→ **Work to be completed**
Your job with the data below is to output exactly the lines from the one holding "Gilet maille nouée Jaune" down to the one holding "California Gun Services", both included, and no others.

→ **Entries shown**
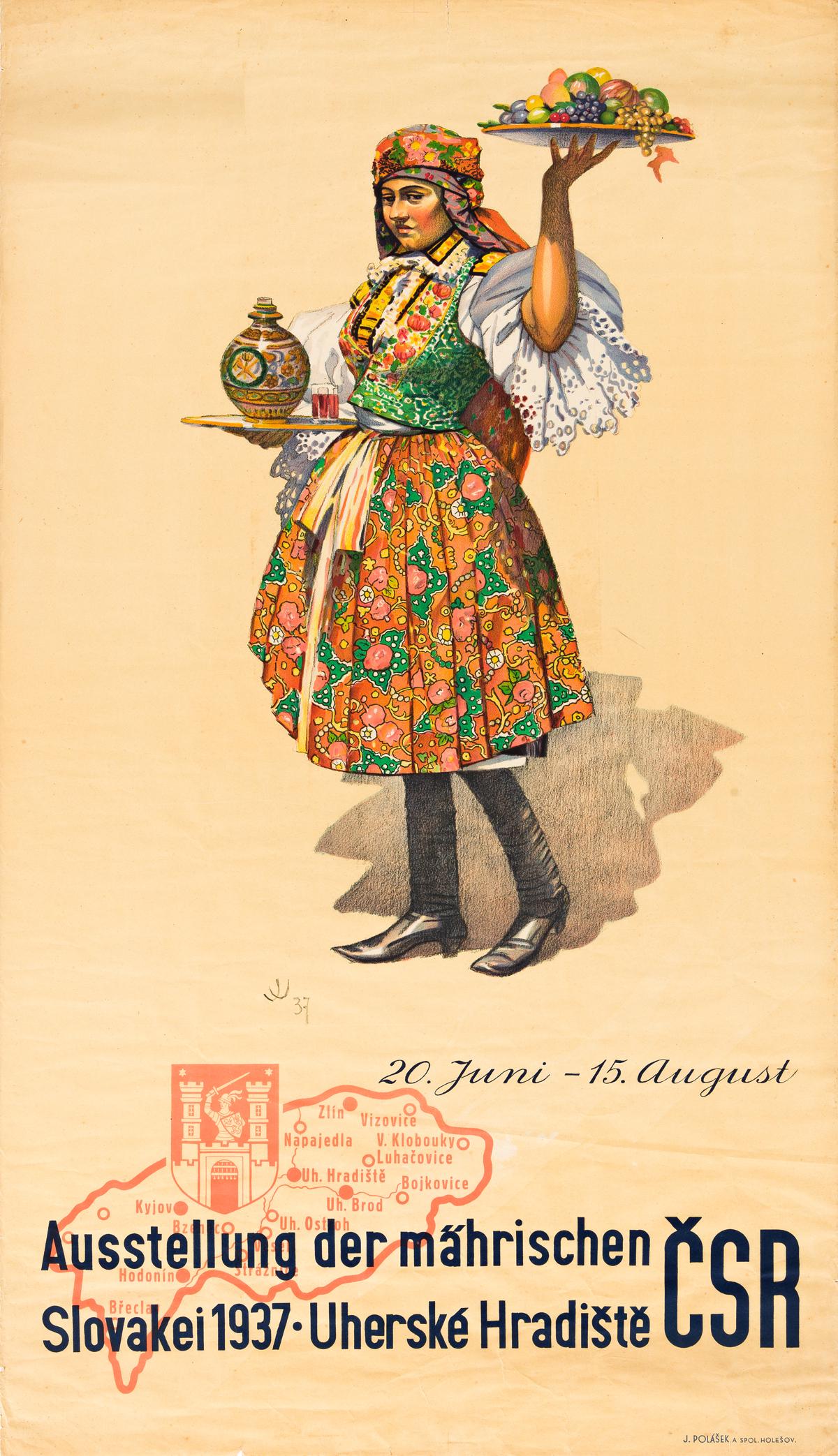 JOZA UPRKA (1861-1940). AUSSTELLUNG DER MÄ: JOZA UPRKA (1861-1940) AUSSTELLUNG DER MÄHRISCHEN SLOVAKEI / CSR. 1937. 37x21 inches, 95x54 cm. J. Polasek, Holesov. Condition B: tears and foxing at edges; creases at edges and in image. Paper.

---

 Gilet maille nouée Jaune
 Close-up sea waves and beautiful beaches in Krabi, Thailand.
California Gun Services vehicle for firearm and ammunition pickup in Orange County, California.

→ **The completed task**
 Gilet maille nouée Jaune
 Close-up sea waves and beautiful beaches in Krabi, Thailand.
California Gun Services vehicle for firearm and ammunition pickup in Orange County, California.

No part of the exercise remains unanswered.